Activity: The data that follows must be transcribed in full and exactly, minus the pictures.

Dataset content:
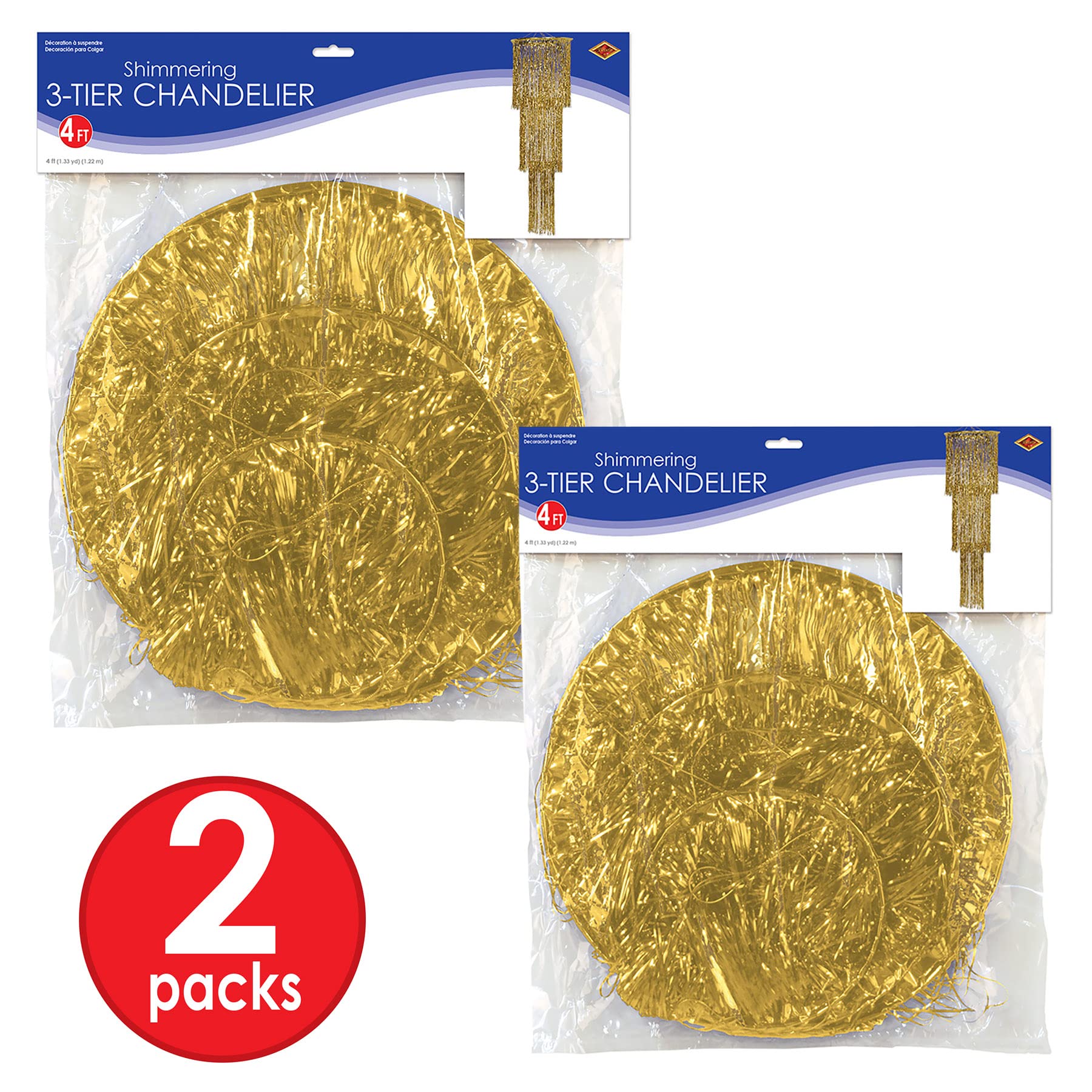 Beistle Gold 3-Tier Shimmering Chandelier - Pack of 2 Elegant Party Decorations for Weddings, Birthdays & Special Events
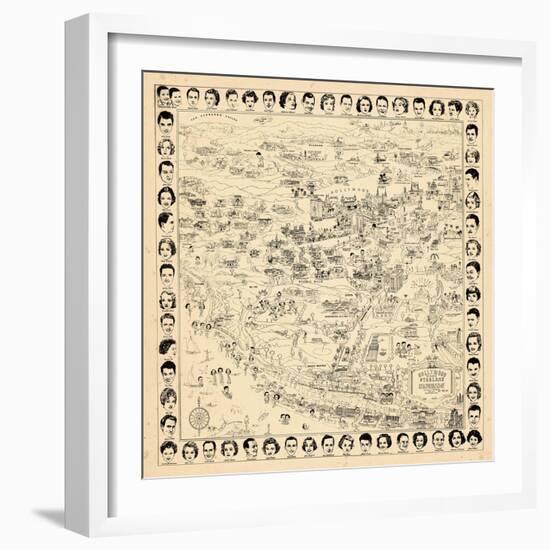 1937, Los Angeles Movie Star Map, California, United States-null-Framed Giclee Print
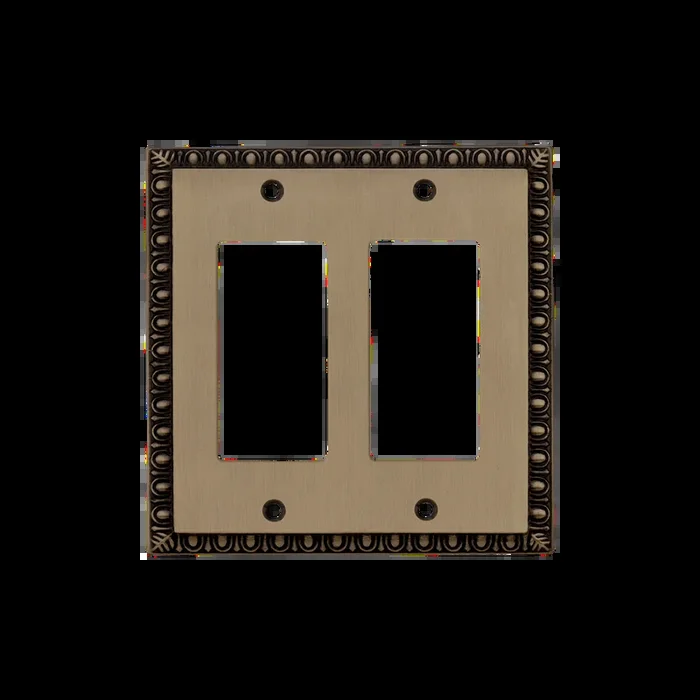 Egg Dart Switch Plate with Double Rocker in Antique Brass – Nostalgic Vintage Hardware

Completed exercise:
 Beistle Gold 3-Tier Shimmering Chandelier - Pack of 2 Elegant Party Decorations for Weddings, Birthdays & Special Events
 1937, Los Angeles Movie Star Map, California, United States-null-Framed Giclee Print
 Egg Dart Switch Plate with Double Rocker in Antique Brass – Nostalgic Vintage Hardware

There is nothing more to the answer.